A distributed chat network saves bandwidth. For example, suppose we set up a chat network with two servers A and B on each side of the Atlantic Ocean. Each server has a large number of clients connected, with each client connecting to its closest server. When a client on server A broadcasts a message, it needs to be sent across the trans-Atlantic link to server B only once, and server B then forwards it to each of its connected clients. The broadcast message crosses the Atlantic only once, instead of once for each of the clients on the other side.

We have already written all the code for the multithreaded server, so it seems a shame to throw it away and rewrite it all to use distributed-process instead. Fortunately, we don’t have to do that. We can simply add some extra code to handle distribution, using the original server code nearly intact. Each client will still be managed by ordinary IO threads synchronized using STM, but additionally we will have some code communicating with the other servers using distributed-process. In Haskell, distributed programming is not all or nothing. We can freely mix distributed and concurrent programming in the same program. This means we can take advantage of the simplicity and performance of ordinary concurrent programming on each node, while using the heavier-weight distributed interfaces for the parts of the program that need to work across multiple nodes.

In this first version, we will use a master/slave configuration in which the master will start up server instances on all the slaves once at the beginning. Later, we will consider how to modify the program so that all nodes are equal, and nodes may come and go at arbitrary times.

Data Types

We will need a few changes to the data structures compared with the multithreaded server. When one client sends a message to another client connected to a different server, we need to know where to send the message. So each server will need to keep a list of all the clients connected to any server in the network, along with the server to which the client is connected. The information about a client now has two possibilities: either it is a local client (connected to this server), or a remote client (connected to a different server).

distrib-chat/chat.hs

type ClientName = String

data Client
  = ClientLocal   LocalClient
  | ClientRemote  RemoteClient

data RemoteClient = RemoteClient
       { remoteName :: ClientName
       , clientHome :: ProcessId
       }

data LocalClient = LocalClient
       { localName      :: ClientName
       , clientHandle   :: Handle
       , clientKicked   :: TVar (Maybe String)
       , clientSendChan :: TChan Message
       }

clientName :: Client -> ClientName
clientName (ClientLocal  c) = localName c
clientName (ClientRemote c) = remoteName c

newLocalClient :: ClientName -> Handle -> STM LocalClient
newLocalClient name handle = do
  c <- newTChan
  k <- newTVar Nothing
  return LocalClient { localName      = name
                     , clientHandle   = handle
                     , clientSendChan = c
                     , clientKicked   = k
                     }

LocalClient is what we previously called Client, and RemoteClient is a client connected to another server.
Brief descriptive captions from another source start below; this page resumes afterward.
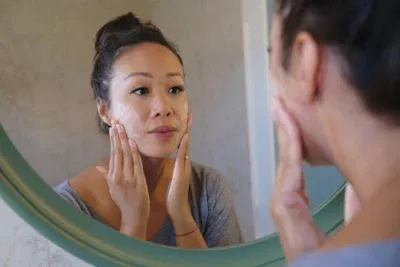 Nước ấm giúp loại bỏ hoàn toàn lớp mặt nạ trên da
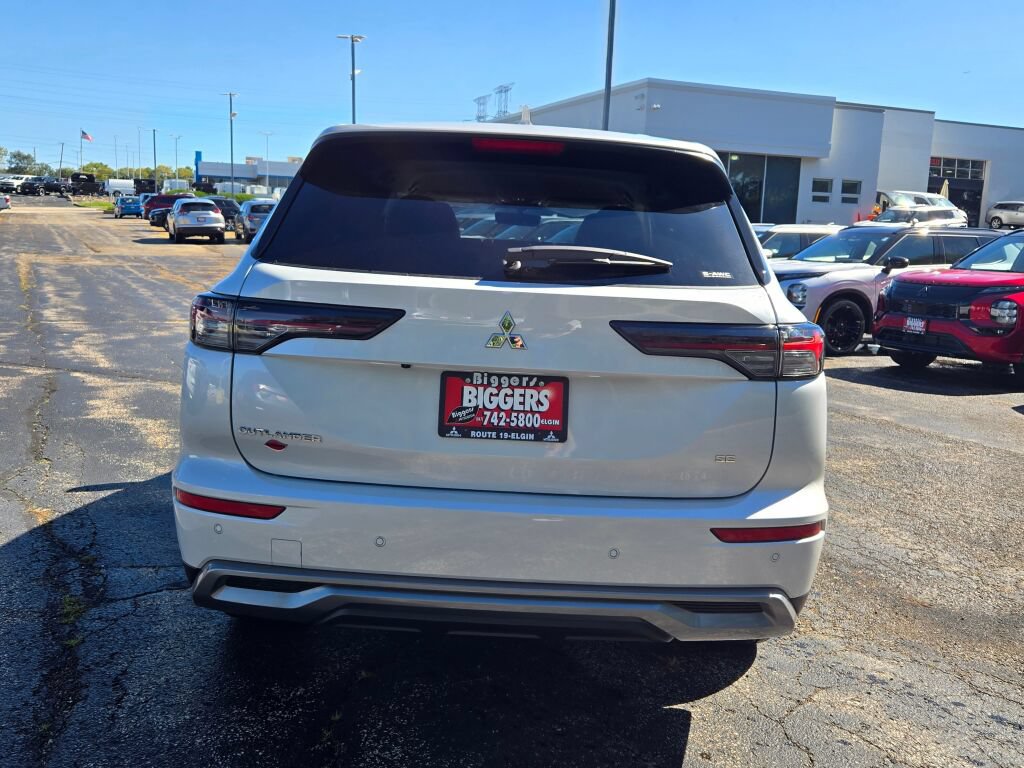 New 2026 Mitsubishi Outlander SE AWD/4WD image 11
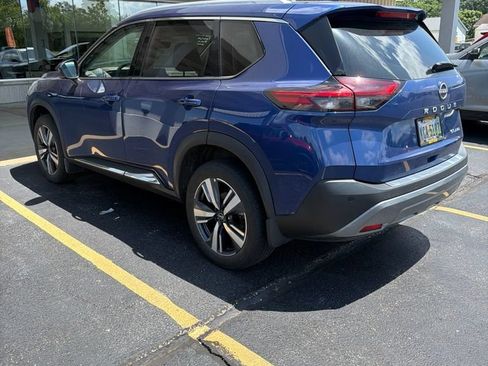 Used 2023 Nissan Rogue SL AWD/4WD image 2
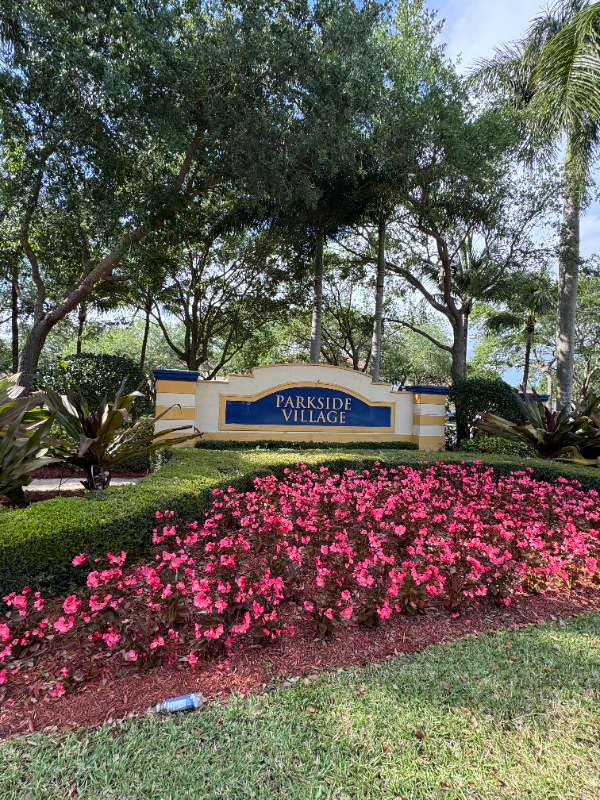 3033 N Evergreen Cir in Boynton Beach, FL - Building Photo - Building Photo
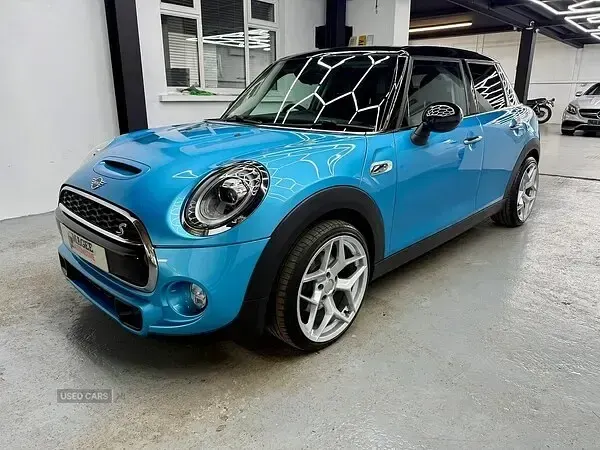 Used Mini Cooper S Hatch 192 HP (141 kW) 2018 Blue Hatchback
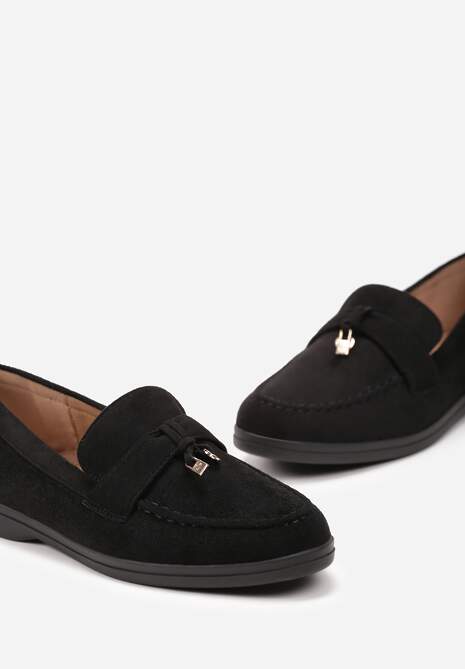 Czarne Mokasyny z Zawieszką w Kształcie Kłódki Lorniwas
The Client type is now a disjunction of these two, with constructors ClientLocal and ClientRemote.

The Message type is as before, except that we need to derive Typeable and Binary, because Messages will be sent over the network:

data Message = Notice String
             | Tell ClientName String
             | Broadcast ClientName String
             | Command String
  deriving (Typeable, Generic)

instance Binary Message

Servers need to communicate with one another, and the kinds of messages they need to send are richer than Message. For example, servers need to tell one another when a new client connects, or one client kicks another. So we have a new type for messages sent between servers, which we call PMessage:

data PMessage
  = MsgServers            [ProcessId]
  | MsgSend               ClientName Message
  | MsgBroadcast          Message
  | MsgKick               ClientName ClientName
  | MsgNewClient          ClientName ProcessId
  | MsgClientDisconnected ClientName ProcessId
  deriving (Typeable, Generic)

instance Binary PMessage

Most of these are self-explanatory, except for one: MsgServers is a special message sent to each server node when it starts up, telling it the ProcessIds of all the server nodes in the network.
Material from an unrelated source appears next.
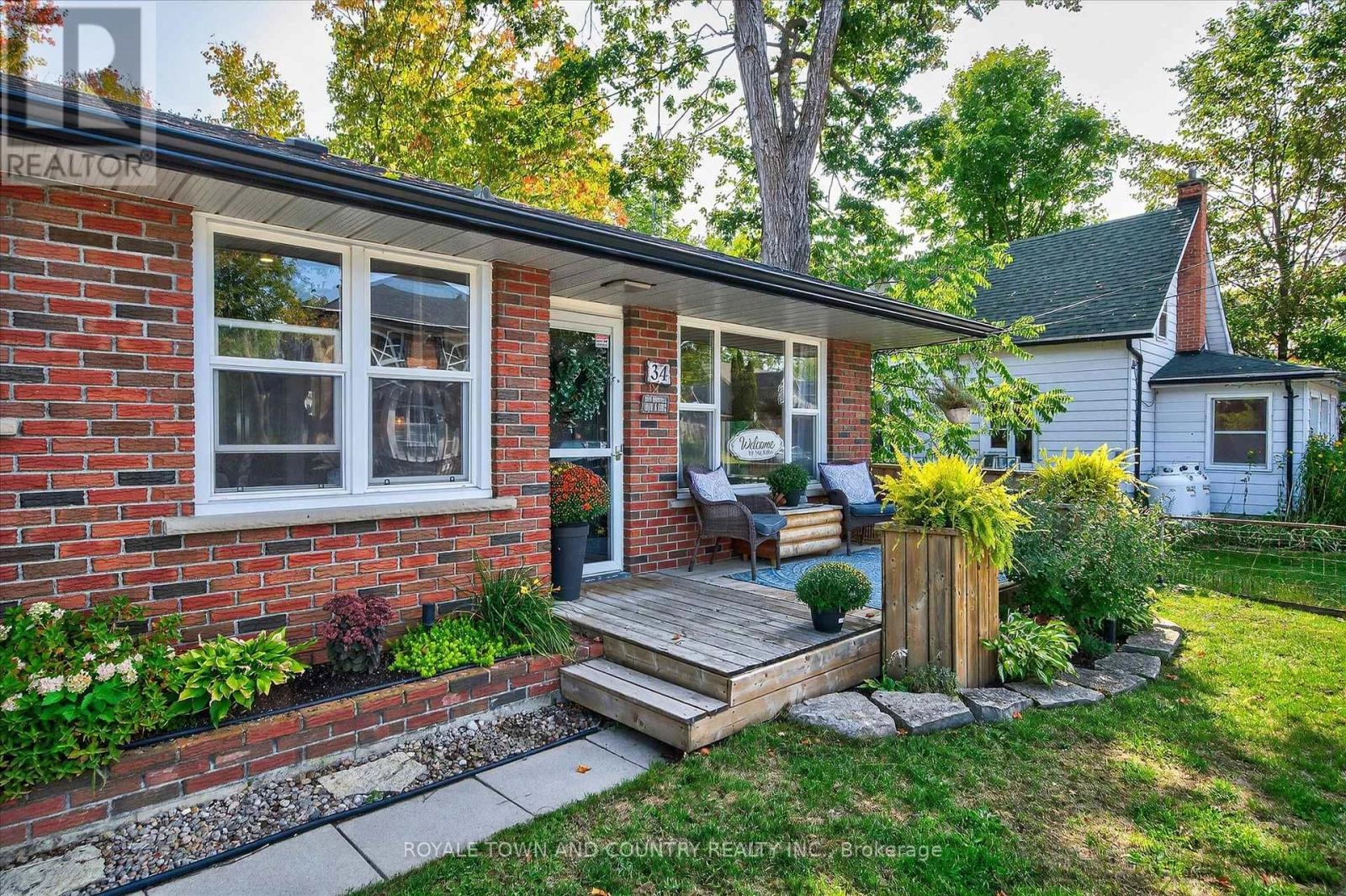 34 William Street, Kawartha Lakes, Ontario  K0M 1A0 - Photo 2 - X12393999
The Server type previously contained only the mapping from ClientName to Client, but now it needs some more information:

data Server = Server
  { clients   :: TVar (Map ClientName Client)
  , proxychan :: TChan (Process ())
  , servers   :: TVar [ProcessId]
  , spid      :: ProcessId
  }

newServer :: [ProcessId] -> Process Server
newServer pids = do
  pid <- getSelfPid
  liftIO $ do
    s <- newTVarIO pids
    c <- newTVarIO Map.empty
    o <- newTChanIO
    return Server { clients = c, servers = s, proxychan = o, spid = pid }

clients is the client mapping, as before; servers is the list of other server ProcessIds, and spid is the ProcessId of this server (for convenience).
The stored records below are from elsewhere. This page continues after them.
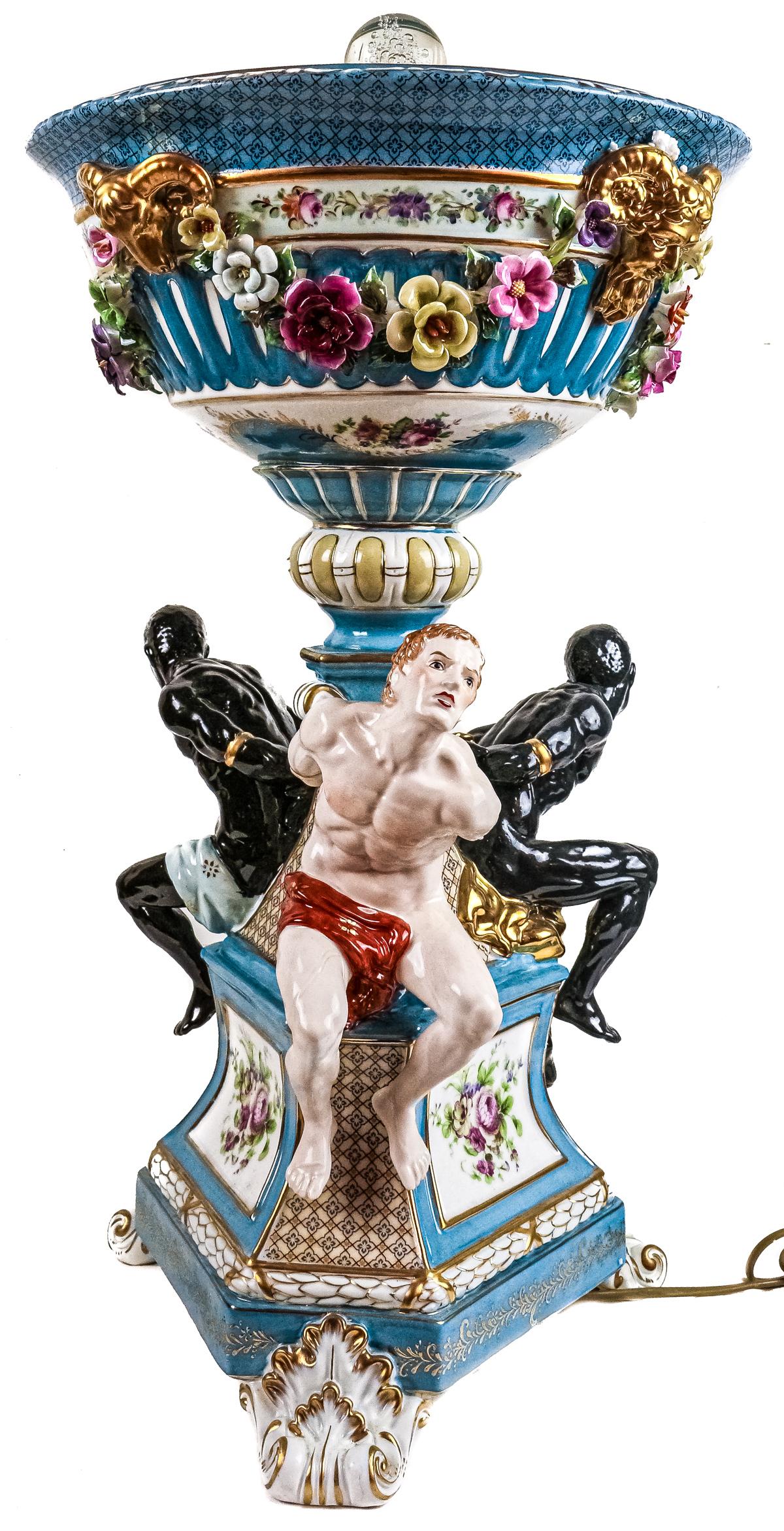 GRAN FUENTE DE SOBREMESA EN PORCELANA CENTROEUROPEA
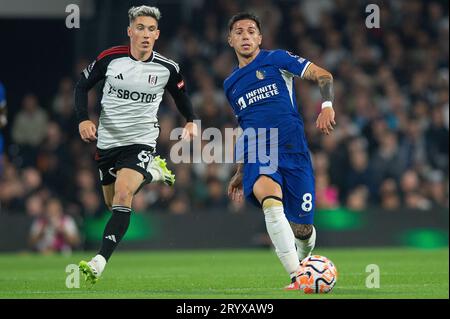 Craven Cottage, Fulham, London, Großbritannien. Oktober 2023. Premier League Football, Fulham gegen Chelsea; Enzo Fernández von Chelsea übergibt den Ball Credit: Action Plus Sports/Alamy Live News Stockfoto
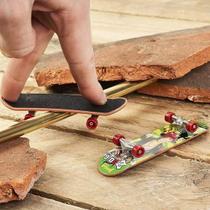Brinquedo Kit 1 Skate De Dedo Fingerboard + Acessórios Monta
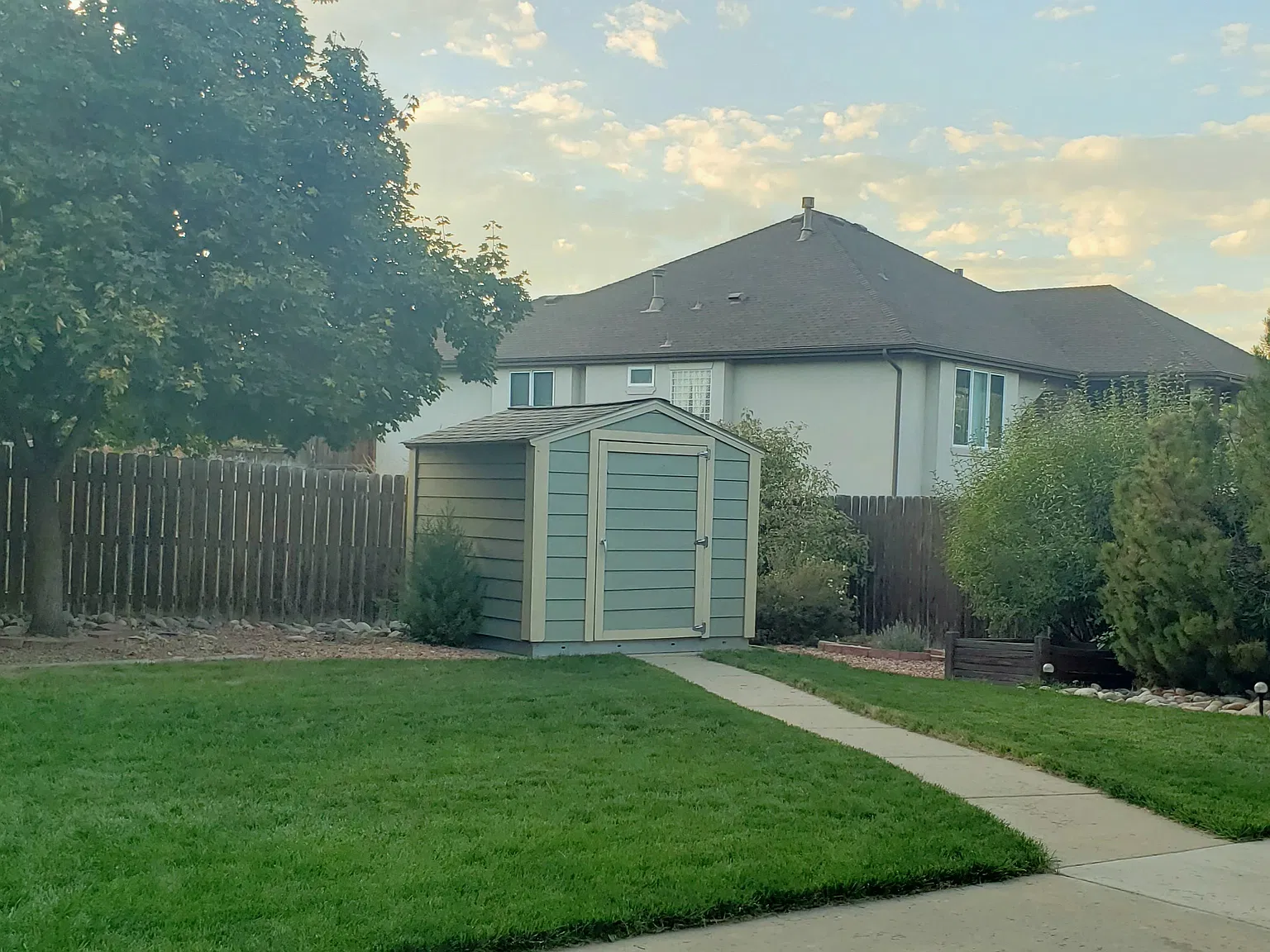 4 bed, 2189 sqft, $2,950 — Photo 2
The proxychan field pertains to an added bit of complexity in our distributed architecture. Remember that we are leaving as much of the existing server infrastructure intact as possible; that means the existing server threads are ordinary forkIO threads. A forkIO thread cannot perform operations in the Process monad, yet we certainly need to be able to do that somehow because certain actions by a client must trigger communication with other servers in the network. So the trick we use is a proxy, which is a process that reads actions from a TChan and performs them in the Process monad. To have a Process action performed from an IO thread, we simply queue it on the proxy TChan. Each server has a single proxy channel, created when the server starts up and stored in the proxychan field of Server.

Sending Messages

Next, we need a few small utilities. First, a way to send a Message to a LocalClient:

sendLocal :: LocalClient -> Message -> STM ()
sendLocal LocalClient{..} msg = writeTChan clientSendChan msg

The following function, sendRemote, sends a PMessage to a remote server. To do this, it needs to use the proxychan (which it gets from the Server) and it needs the pid of the destination process:

sendRemote :: Server -> ProcessId -> PMessage -> STM ()
sendRemote Server{..} pid pmsg = writeTChan proxychan (send pid pmsg)

Now that we can send both local and remote messages, we can define sendMessage, which sends a Message to any client:

sendMessage :: Server -> Client -> Message -> STM ()
sendMessage server (ClientLocal client) msg =
    sendLocal client msg
sendMessage server (ClientRemote client) msg =
    sendRemote server (clientHome client) (MsgSend (remoteName client) msg)

A variant sends a message to a named client or returns False if the client is not connected:

sendToName :: Server -> ClientName -> Message -> STM Bool
sendToName server@Server{..} name msg = do
    clientmap <- readTVar clients
    case Map.lookup name clientmap of
        Nothing     -> return False
        Just client -> sendMessage server client msg >> return True

Broadcasting

Next, we consider broadcasting messages. First, we need a way to send a PMessage to all the connected servers:

sendRemoteAll :: Server -> PMessage -> STM ()
sendRemoteAll server@Server{..} pmsg = do
    pids <- readTVar servers
    mapM_ (\pid -> sendRemote server pid pmsg) pids

We also need a broadcastLocal function that sends a message to the local clients only:

broadcastLocal :: Server -> Message -> STM ()
broadcastLocal server@Server{..} msg = do
    clientmap <- readTVar clients
    mapM_ sendIfLocal (Map.elems clientmap)
  where
    sendIfLocal (ClientLocal c)  = sendLocal c msg
    sendIfLocal (ClientRemote _) = return ()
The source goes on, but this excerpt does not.